* Work request *
Take the lines from the one with "Then they eat" to the end of the listing, both ends included, and quote them exactly, leaving pictures out.

* Recorded information *
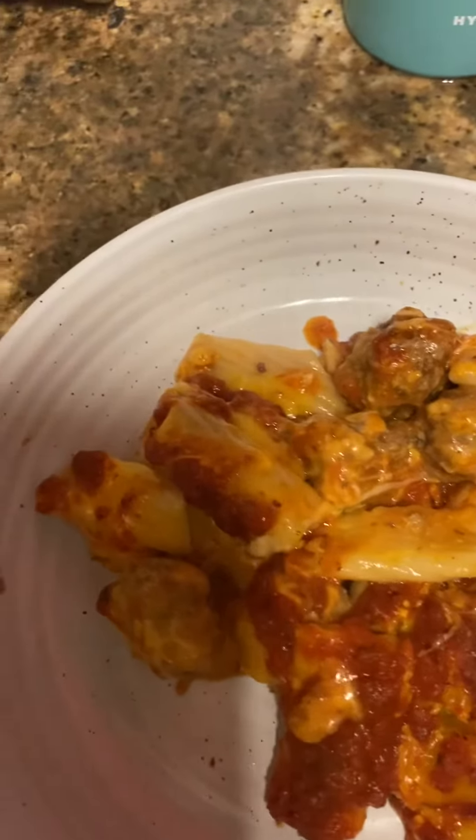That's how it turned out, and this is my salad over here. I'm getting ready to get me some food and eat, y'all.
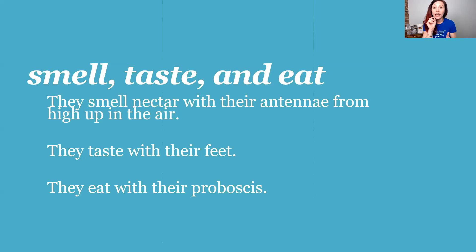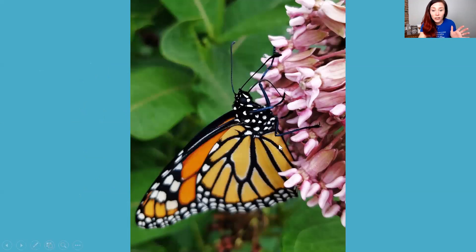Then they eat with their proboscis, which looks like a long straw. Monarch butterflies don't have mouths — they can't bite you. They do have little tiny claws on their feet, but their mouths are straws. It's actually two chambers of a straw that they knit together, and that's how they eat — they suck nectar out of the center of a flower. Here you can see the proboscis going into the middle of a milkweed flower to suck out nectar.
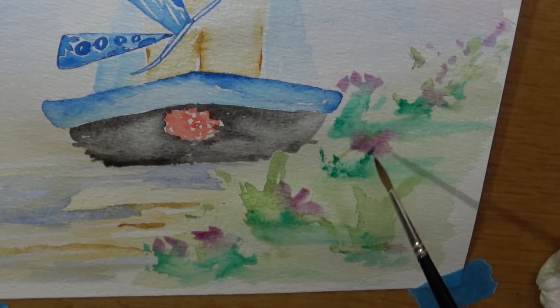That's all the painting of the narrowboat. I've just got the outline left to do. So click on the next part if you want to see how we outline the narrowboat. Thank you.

* Answer to the problem *
Then they eat with their proboscis, which looks like a long straw. Monarch butterflies don't have mouths — they can't bite you. They do have little tiny claws on their feet, but their mouths are straws. It's actually two chambers of a straw that they knit together, and that's how they eat — they suck nectar out of the center of a flower. Here you can see the proboscis going into the middle of a milkweed flower to suck out nectar.
That's all the painting of the narrowboat. I've just got the outline left to do. So click on the next part if you want to see how we outline the narrowboat. Thank you.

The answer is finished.